With the first line as the start and the line containing "Игра NEBULOUS: Fleet Command, скриншот" as the end, write out every line of the records exactly.

(Web page caption snippets)
►

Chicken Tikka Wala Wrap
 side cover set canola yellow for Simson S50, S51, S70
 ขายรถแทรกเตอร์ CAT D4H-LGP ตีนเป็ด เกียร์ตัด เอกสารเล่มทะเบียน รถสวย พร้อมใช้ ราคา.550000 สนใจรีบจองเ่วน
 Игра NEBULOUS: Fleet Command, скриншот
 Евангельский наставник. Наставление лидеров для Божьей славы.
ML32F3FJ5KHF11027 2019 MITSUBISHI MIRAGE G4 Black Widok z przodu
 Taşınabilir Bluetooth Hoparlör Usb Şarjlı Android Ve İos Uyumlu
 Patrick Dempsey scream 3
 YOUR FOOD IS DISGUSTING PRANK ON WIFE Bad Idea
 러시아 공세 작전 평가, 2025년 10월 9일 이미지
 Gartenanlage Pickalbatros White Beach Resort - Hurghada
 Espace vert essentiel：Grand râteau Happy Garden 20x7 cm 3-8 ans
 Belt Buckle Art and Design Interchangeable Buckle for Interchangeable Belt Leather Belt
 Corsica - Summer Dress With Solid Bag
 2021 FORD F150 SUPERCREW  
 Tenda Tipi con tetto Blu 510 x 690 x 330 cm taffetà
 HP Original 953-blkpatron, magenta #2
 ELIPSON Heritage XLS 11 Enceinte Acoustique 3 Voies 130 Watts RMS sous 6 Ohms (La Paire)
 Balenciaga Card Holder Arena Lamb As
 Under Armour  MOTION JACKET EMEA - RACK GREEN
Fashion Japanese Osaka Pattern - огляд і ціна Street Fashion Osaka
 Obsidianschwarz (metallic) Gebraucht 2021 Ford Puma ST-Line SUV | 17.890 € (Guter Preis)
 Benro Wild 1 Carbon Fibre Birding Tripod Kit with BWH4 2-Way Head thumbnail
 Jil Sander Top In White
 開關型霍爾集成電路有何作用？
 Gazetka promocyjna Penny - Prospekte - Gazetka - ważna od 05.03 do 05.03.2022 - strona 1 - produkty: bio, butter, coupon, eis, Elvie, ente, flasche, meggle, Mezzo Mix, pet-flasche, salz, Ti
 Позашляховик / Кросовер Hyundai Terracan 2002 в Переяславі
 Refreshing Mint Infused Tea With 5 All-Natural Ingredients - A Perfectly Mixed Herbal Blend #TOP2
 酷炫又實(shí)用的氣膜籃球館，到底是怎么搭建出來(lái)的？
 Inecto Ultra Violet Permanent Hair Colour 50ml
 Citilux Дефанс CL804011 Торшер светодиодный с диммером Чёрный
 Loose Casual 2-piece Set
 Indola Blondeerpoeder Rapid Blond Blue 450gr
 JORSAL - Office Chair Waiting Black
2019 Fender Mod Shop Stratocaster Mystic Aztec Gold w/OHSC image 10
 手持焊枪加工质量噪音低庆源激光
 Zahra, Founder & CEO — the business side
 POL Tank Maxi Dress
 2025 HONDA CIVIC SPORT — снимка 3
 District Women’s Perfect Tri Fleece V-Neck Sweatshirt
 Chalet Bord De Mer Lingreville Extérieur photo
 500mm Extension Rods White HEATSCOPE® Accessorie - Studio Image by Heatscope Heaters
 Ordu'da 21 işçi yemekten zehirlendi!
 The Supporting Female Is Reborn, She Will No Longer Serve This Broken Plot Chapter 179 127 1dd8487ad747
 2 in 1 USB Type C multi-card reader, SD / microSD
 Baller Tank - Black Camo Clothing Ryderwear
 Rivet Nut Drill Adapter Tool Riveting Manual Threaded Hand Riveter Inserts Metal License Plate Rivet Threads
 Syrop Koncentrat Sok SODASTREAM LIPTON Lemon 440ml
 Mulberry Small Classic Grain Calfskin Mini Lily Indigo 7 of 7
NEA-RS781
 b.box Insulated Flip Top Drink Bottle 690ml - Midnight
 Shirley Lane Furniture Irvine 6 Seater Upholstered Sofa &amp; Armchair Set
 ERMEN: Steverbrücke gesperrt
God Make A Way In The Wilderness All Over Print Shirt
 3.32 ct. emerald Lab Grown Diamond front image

◄

Task response:
Chicken Tikka Wala Wrap
 side cover set canola yellow for Simson S50, S51, S70
 ขายรถแทรกเตอร์ CAT D4H-LGP ตีนเป็ด เกียร์ตัด เอกสารเล่มทะเบียน รถสวย พร้อมใช้ ราคา.550000 สนใจรีบจองเ่วน
 Игра NEBULOUS: Fleet Command, скриншот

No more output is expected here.